Word of the Day: JA RULE (46D: "Pain Is Love" rapper) —

Jeffrey Atkins (born February 29, 1976), better known by his stage name Ja Rule or Mockaveli, is an American rapper, singer, and actor from Queens, New York City.
Born in Hollis, Queens, he began his career in the group Cash Money Click and debuted in 1999 withVenni Vetti Vecci and its single "Holla Holla". From 2000 to 2004, Ja Rule had several hits that made the top 20 of the US Billboard Hot 100 chart, including "Between Me and You" with Christina Milian, "I'm Real (Murder Remix)" with Jennifer Lopez, "Always on Time" with Ashanti, "Mesmerize" also with Ashanti, and "Wonderful" with R. Kelly and Ashanti. During the 2000s, Ja Rule was signed to The Inc. Records, which was formerly known as Murder Inc. and was led by Irv Gotti. Ja Rule has sold over 30 million records worldwide and was the fastest selling rapper in 2001. He is also known for some well-publicized feuds with other rappers (in-particular 50 Cent and Eminem). (wikipedia)
• • •

First of all, ICE SKATES is correct because the Avalanche are an NHL team (62A: Avalanche gear). [added 8:57 am because the complaints / queries are already piling up]

Onward:

A decent puzzle that ended on a sour note for me. TAU BETA PI is just random Greek letters to me, and so it was with no pleasure at all that I uncovered it (slowly) (50A: Collegiate honor society of Bloomberg and Iacocca). Since it was the only way into that SW corner, that little corner took as long as the entire top half of the puzzle, and with no payoff (except JA RULE, which wasn't so much payoff as "o man, I forgot he existed" flashback). There are so many Greek-named societies ... none of them is particularly resonant. Just letters. Disappointing to be so badly slowed down by the least interesting long answer in the puzzle. But these things happen.
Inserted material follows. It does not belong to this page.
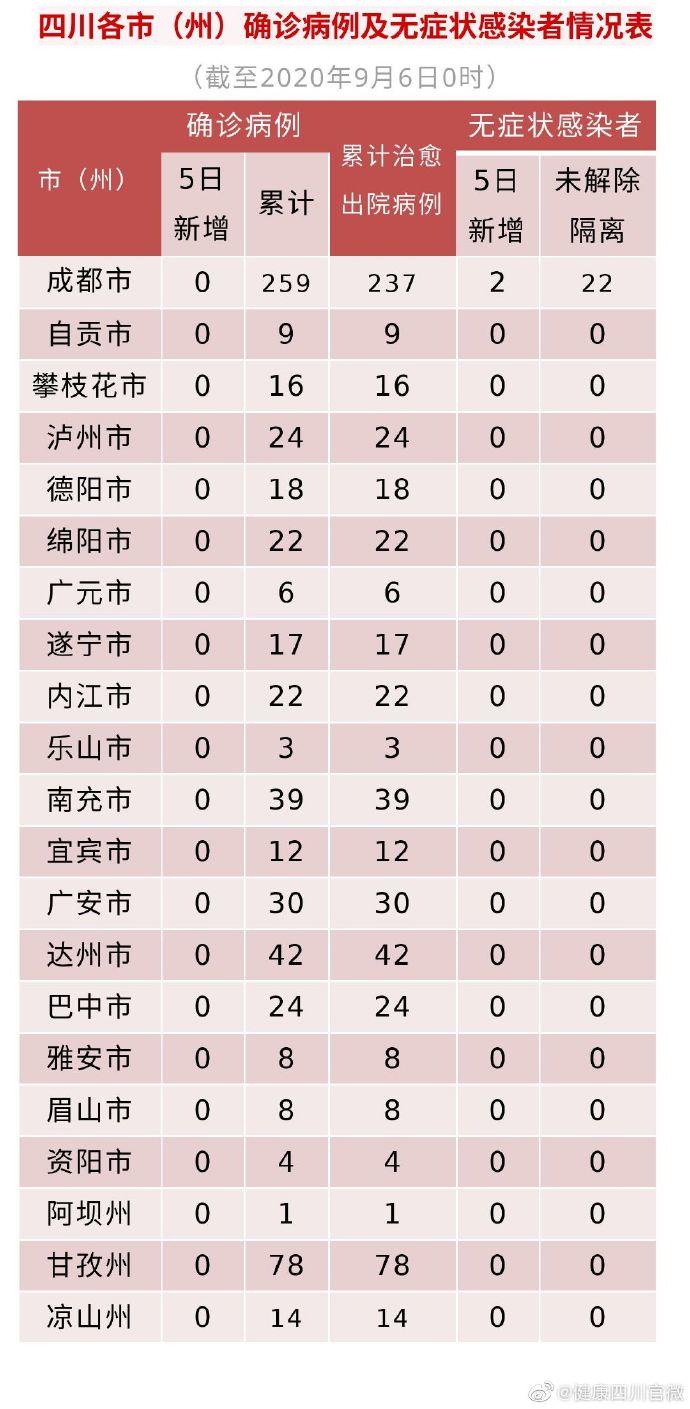 31省区市新增22例均为境外输入-31省新增10例均为境外输入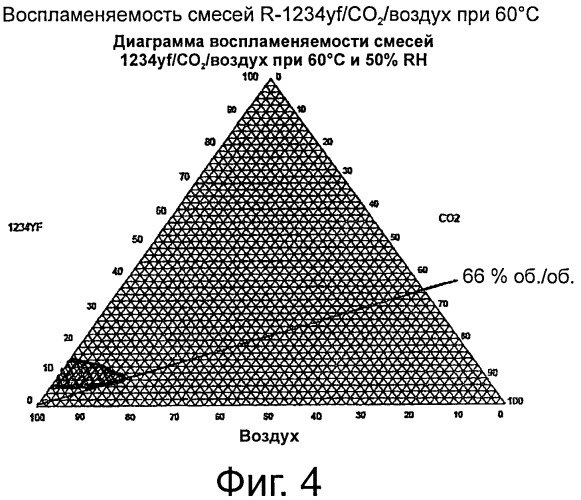 Композиции для передачи тепла (патент 2537291)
I liked most of the rest of the puzzle. SE gave me some trouble too—at one point I had the first four letters of all the longish Downs in that area and still couldn't break through. Eventually just guessed ONE-TIMER (seemed like something I'd heard, though I don't care about hockey; I think it's where you score off an assist with a single touch of your stick, i.e. instead of controlling the puck and then shooting), and then that corner went down fast. The top half, where I started, went down so fast I barely knew it was there, so this felt *very* uneven, difficulty-wise. I wrote in DOHA, QATAR immediately, first thing, no crosses (1A: Al Jazeera locale). APNEA and ENOLA got me the traction I needed to finish the NW corner off (do *not* like OBOE PART—the duck is the OBOE! PART shmart. Redundancy! 2D: The duck in "Peter and the Wolf"). I think ORE CAR is unfair (12D: Rock carrier), since ORE CAB seems just as plausible, and BEY is just as much as a [Foreign leader] as REY is. Booooooo! Clue really should've specified nationality of the "leader" in question. KLINGER was a gimme (43D: "M*A*S*H" character from Toledo, Ohio), AGENT K was not (40A: Jones's "Men in Black" role), so they kind of canceled each other out. I expect a lot from Quarfoot (one of the great themeless constructors), and this wasn't quite up to his usual standards. But still pretty good, overall.

Bullets:
  • 24A: Snarky reply after a lecture ("IS THAT ALL?") — I assume this is a "lecture" in the sense of a "stern talking-to." I've lectured quite a bit in college classrooms and have never heard "IS THAT ALL?" at the end (though some may have been thinking that, I don't know).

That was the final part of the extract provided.